People often say the fossil fuel industry makes paleontology relevant, but there's a saying in paleontology: "no oil company cares about your thesis on spinosaur paleoecology". Fossil fuel companies only care about a select group of paleontologists (people who study stratigraphy or certain microfossils like conodonts and forams), and even then you basically can't get a job as an oil geologist anymore because what used to require detailed geological knowledge and ferreting conodonts out of rock is now done by machines.
These features are why paleontology is almost always the first science on the chopping block at any major university. And a lot of scientific fields seem to thing the only thing paleontology is good for is getting people interested in science and bringing people into natural history museums.
What's the point of this long, seemingly nonsensical rant? In order to make paleontology the largest/most profitable industry in your setting it is necessary to understand why it is not so in our timeline. If you want to make paleontology the largest/most profitable industry in real life, you need to make it so that it has some direct application to real life that makes it relevant. Relevant enough that it doesn't just benefit humanity when funded (and therefore could be passed off as a luxury), but there have to be actual reasons why cutting funding would be bad. Look at other sciences. If medicine research funding gets cuts we don't have the resources to come up with new vaccines and cures. If engineering funding gets cut countries lose opportunities to make technological advancements. If ecology funding gets cut there are invasive species out there that we spend literal billions each year to contain that will become unleashed. If paleontology gets cut nothing happens. Indeed, this is what happens in IRL museums, the curators get fired and the collections get put in storage, the board of directors only cares about the dinosaur fossils on display.

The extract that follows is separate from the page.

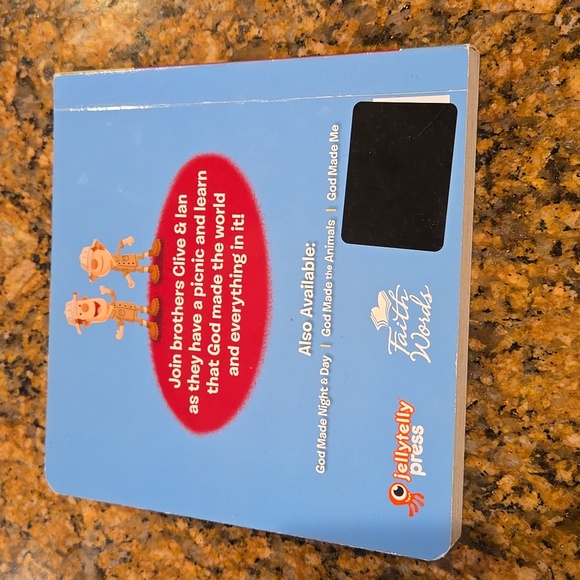 Children's religious book bundle - 6 books - Picture 9 of 10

Some people have brought up ancient technology, and I agree with them. Basically if you're in a technological arms race and how far ahead you are is dependent on what you dig up, then the people who do the digging are your lifeline. Except that would be archaeology or xeno-archaeology instead of paleontology. Paleontology focuses on non-sentient organisms.
Bringing things back to life is another option but even Michael Crichton pointed out there is no money to be made for bringing dinosaurs back to life. The whole reason he had Jurassic Park set in a dinosaur theme park was he couldn't think of a way that someone would want to clone dinosaurs and not go bankrupt in the process beyond "rich idiot decides to clone dinosaurs and make a zoo for them".

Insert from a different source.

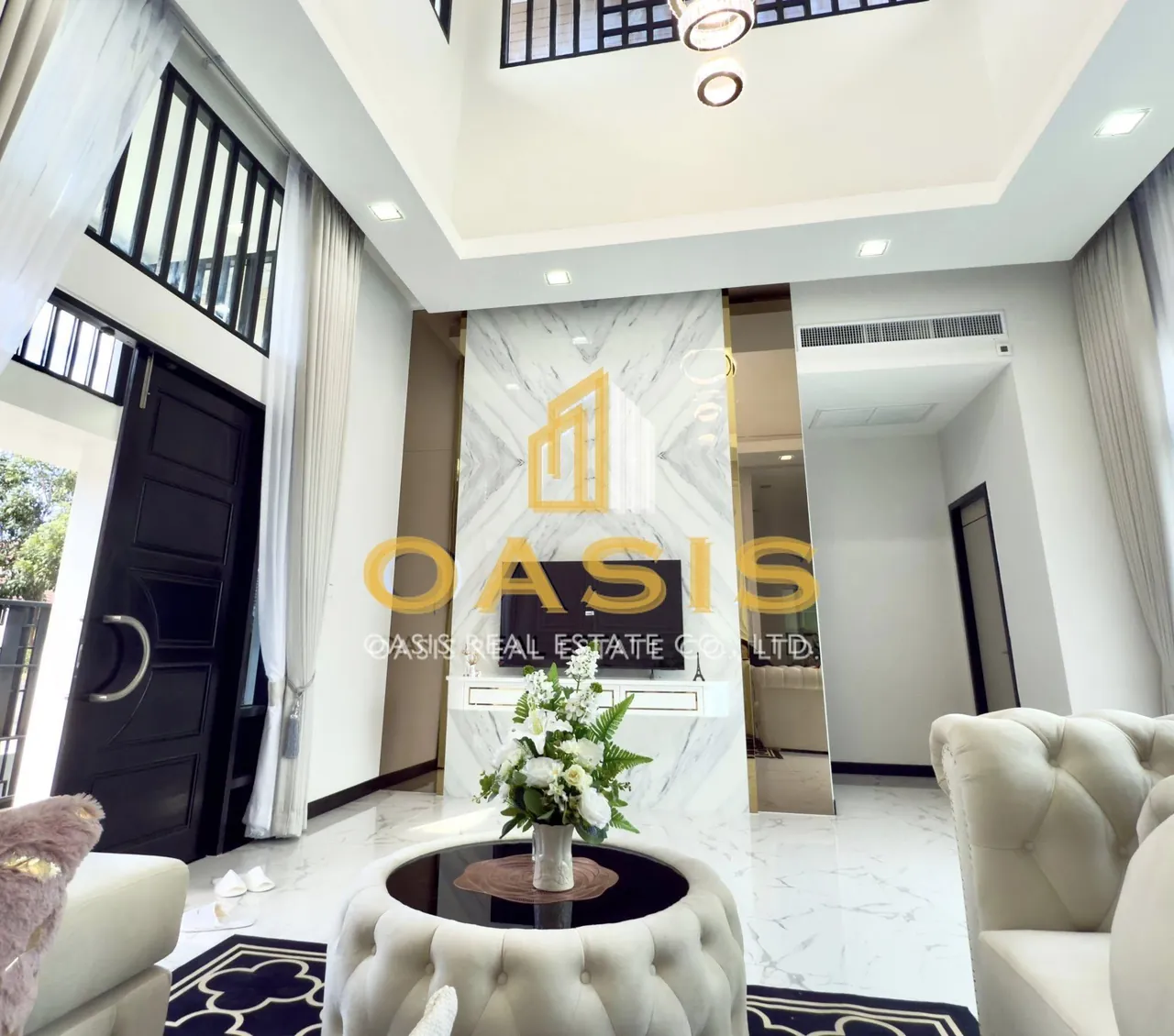Luxury House for Sale in Baan Sirisa 16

If they got out and things went full Dino Crisis you might have a reason for an adult knowing more than an eight-year-old about Tyrannosaurus rex. But even then it's technically interest in contemporary (if resurrected) animals that requires no knowledge of their fossil history. Field biologists would rapidly outpace paleontologists in their knowledge of these creatures due to accurate, first-hand experience of raptors trying to eat their faces.

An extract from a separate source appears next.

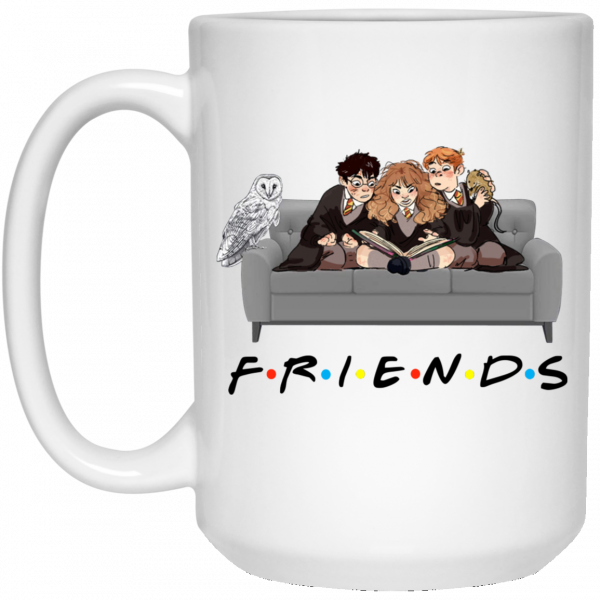 Best Friends Harry Potter Magical Wizard Magical World Mug Coffee Mugs 5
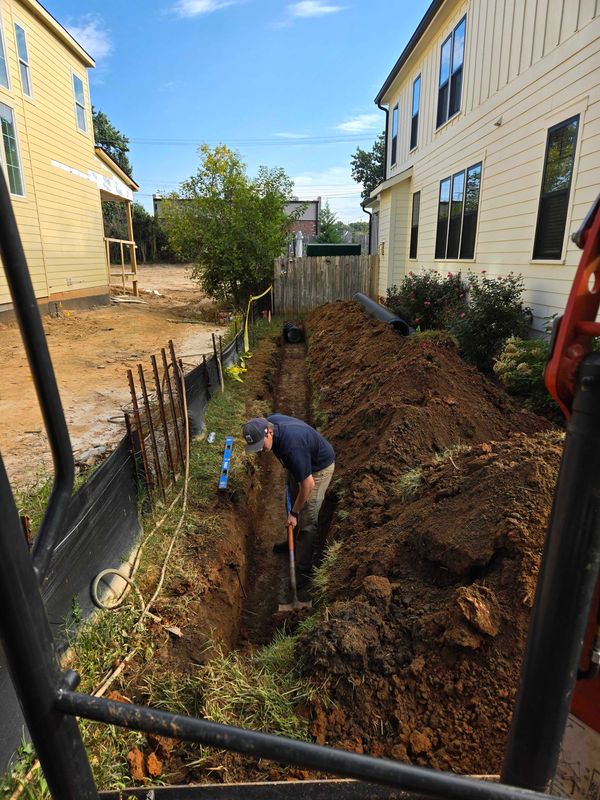 Lawn Drains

Time travel is a good option. There you kind of have to know the landscape in order to know where things are, how to survive, and how to not get eaten by a T. rex. The downside is that from a relativity point of view it's more looking at contemporary animals than digging up bones, and what would happen really quickly is that scientists would stop digging up bones because you can get more by studying the living, breathing thing. One paper on a flesh-and-blood tyrannosaur would be worth more to science than 100 years of painstakingly pulling information from its fossil bones. Paleontology is like a roadmap to the past, only the map is torn, faded, written in a dead language, and somebody scribbled on it with magic marker.